Allyl terminated low molecular weight solids and liquids of ethylene or propylene have also been produced, typically for use as branches in polymerization reactions. See, for example, Rulhoff, Sascha, and Kaminsky, (“Synthesis and Characterization of Defined Branched Poly(propylene)s with Different Microstructures by Copolymerization of Propylene and Linear Ethylene Oligomers (Cn=26-28) with Metallocenes/MAO Catalysts,” Macromolecules, 16, 2006, pp. 1450-1460), and Kaneyoshi, Hiromu et al. (“Synthesis of Block and Graft Copolymers with Linear Polyethylene Segments by Combination of Degenerative Transfer Coordination Polymerization and Atom Transfer Radical Polymerization,” Macromolecules, 38, 2005, pp. 5425-5435).

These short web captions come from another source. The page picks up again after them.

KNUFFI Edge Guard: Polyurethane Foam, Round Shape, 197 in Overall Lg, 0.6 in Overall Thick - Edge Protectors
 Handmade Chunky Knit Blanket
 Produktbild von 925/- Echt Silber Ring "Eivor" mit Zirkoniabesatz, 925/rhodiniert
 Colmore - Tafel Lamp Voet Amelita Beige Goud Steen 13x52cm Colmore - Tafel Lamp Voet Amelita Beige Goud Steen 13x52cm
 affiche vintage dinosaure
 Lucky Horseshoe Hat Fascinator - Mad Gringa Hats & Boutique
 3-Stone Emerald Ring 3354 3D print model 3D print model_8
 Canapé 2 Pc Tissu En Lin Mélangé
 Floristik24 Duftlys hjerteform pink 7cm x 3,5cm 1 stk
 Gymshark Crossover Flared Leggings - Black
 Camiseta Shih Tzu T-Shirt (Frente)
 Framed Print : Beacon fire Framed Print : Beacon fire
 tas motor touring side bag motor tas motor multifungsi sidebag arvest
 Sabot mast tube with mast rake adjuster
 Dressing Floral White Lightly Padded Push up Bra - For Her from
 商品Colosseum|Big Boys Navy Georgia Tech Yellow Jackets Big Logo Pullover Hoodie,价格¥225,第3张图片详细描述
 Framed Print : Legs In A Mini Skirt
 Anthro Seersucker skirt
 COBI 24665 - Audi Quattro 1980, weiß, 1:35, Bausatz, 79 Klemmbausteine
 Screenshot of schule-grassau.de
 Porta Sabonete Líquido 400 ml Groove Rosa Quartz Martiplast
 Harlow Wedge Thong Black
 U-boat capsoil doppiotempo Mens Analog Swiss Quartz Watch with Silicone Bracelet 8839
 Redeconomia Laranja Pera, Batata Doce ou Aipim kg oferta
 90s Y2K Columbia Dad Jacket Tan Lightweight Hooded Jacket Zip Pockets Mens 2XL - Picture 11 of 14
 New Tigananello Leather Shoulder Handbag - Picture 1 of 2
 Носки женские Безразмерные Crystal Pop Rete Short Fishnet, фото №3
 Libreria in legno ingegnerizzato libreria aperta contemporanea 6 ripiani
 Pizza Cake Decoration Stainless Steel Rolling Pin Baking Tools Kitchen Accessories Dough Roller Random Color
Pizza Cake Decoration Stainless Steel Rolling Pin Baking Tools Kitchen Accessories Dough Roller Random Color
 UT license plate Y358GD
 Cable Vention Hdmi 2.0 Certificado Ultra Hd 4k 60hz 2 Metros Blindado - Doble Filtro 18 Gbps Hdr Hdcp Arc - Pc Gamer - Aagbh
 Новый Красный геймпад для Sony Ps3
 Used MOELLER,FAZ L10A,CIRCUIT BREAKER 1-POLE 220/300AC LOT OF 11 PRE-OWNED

Further, U.S. Pat. No. 4,814,540 discloses bis(pentamethyl cyclopentadienyl) hafnium dichloride, bis(pentamethyl cyclopentadienyl) zirconium dichloride and bis(tetramethyl n-butyl cyclopentadienyl) hafnium dichloride with methylalumoxane in toluene or hexane with or without hydrogen to make allylic vinyl terminated propylene homo-oligomers having a low degree of polymerization of 2-10. These oligomers do not have high Mn's and do not have at least 93% allylic vinyl unsaturation. Likewise, these oligomers lack comonomer and are produced at low productivities with a large excess of alumoxane (molar ratio ≧600 Al/M; M=Zr, Hf). Additionally, no less than 60 wt % solvent (solvent+propylene basis) is present in all of the examples.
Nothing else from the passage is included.